On Qwen2.5 spine mannequin, the analysis crew present that NVFP4+LoRA outperforms vanilla LoRA and QLoRA in rollout throughput and total coaching time, with >2× rollout throughput on 14B/32B fashions towards QLoRA and ~1.8× end-to-end vs QLoRA in a consultant setup. They additionally reveal coaching a 32B coverage with GRPO on a single H100-80GB, enabled by the decrease reminiscence footprint of weight-only FP4.

Accuracy is aggressive with higher-precision baselines. For a 7B mannequin, the analysis crew stories GSM8K = 90.8% and MATH500 = 77.4%, surpassing 16-bit LoRA and QLoRA below their setup and matching full-parameter fine-tuning. Across broader math benchmarks (e.g., BigMath), QeRL maintains parity or benefit, whereas converging quicker due to improved exploration.

What that is—and isn’t?

QeRL is weight-only FP4 with LoRA updates; it does not declare FP4 precision for logits/gradients. The advantages focus in rollout/prefill throughput and reminiscence footprint, with empirical proof that quantization-induced entropy aids RL exploration when AQN modulates it over coaching.
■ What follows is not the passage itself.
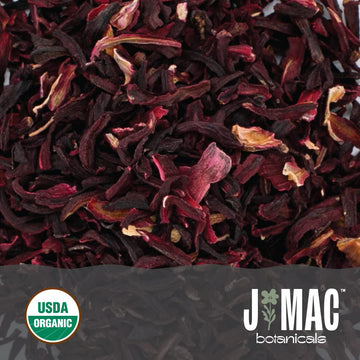 J Mac Botanicals, Organic Hibiscus Flower (4 Ounce), Hibiscus Tea, Cut & Sifted Flowers, Dried From Egypt, Herbal Tea Leaves, Fl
Generalization to modalities past math-reasoning duties or to security/tool-use RL is determined by reward design and sequence lengths.

Key Takeaways

QeRL combines NVFP4 4-bit weight quantization with LoRA to speed up the rollout part and reduce reminiscence, enabling RL for a 32B LLM on a single H100-80GB.
Quantization acts as exploration: FP4 will increase coverage entropy, whereas Adaptive Quantization Noise (AQN) schedules channel-wise noise through LayerNorm scales.
Reported effectivity: >1.5× rollout speedups vs 16-bit LoRA and ~1.8× end-to-end vs QLoRA; >2× rollout throughput vs QLoRA on 14B/32B setups.
Accuracy holds: Qwen2.5-7B reaches 90.8% on GSM8K and 77.4% on MATH500, matching full-parameter fine-tuning below the paper’s setup.
NVFP4 is a hardware-optimized 4-bit floating format with two-level scaling (FP8 E4M3 block scalers + FP32 tensor scale), enabling environment friendly Marlin-based kernels.

Editorial Comments

QeRL accelerates the RL rollout stage. It quantizes weights to NVFP4 and retains updates and logits in greater precision utilizing LoRA. It stories >1.5× rollout speedups and may prepare a 32B coverage on a single H100-80GB GPU. It provides Adaptive Quantization Noise to make exploration a managed sign throughout coaching. Results are proven primarily on math-reasoning duties utilizing GRPO and DAPO. The positive factors depend on NVFP4 kernel help resembling Marlin.

Check out the FULL CODES here and Paper. Feel free to try our GitHub Page for Tutorials, Codes and Notebooks. Also, be at liberty to comply with us on Twitter and don’t neglect to be part of our 100k+ ML SubReddit and Subscribe to our Newsletter. Wait! are you on telegram? now you can join us on telegram as well.

The publish QeRL: NVFP4-Quantized Reinforcement Learning (RL) Brings 32B LLM Training to a Single H100—While Improving Exploration appeared first on MarkTechPost.

QeRL: NVFP4-Quantized Reinforcement Learning (RL) Brings 32B LLM Training to a Single H100—While Improving Exploration

What QeRL adjustments within the Reinforcement Learning (RL) loop?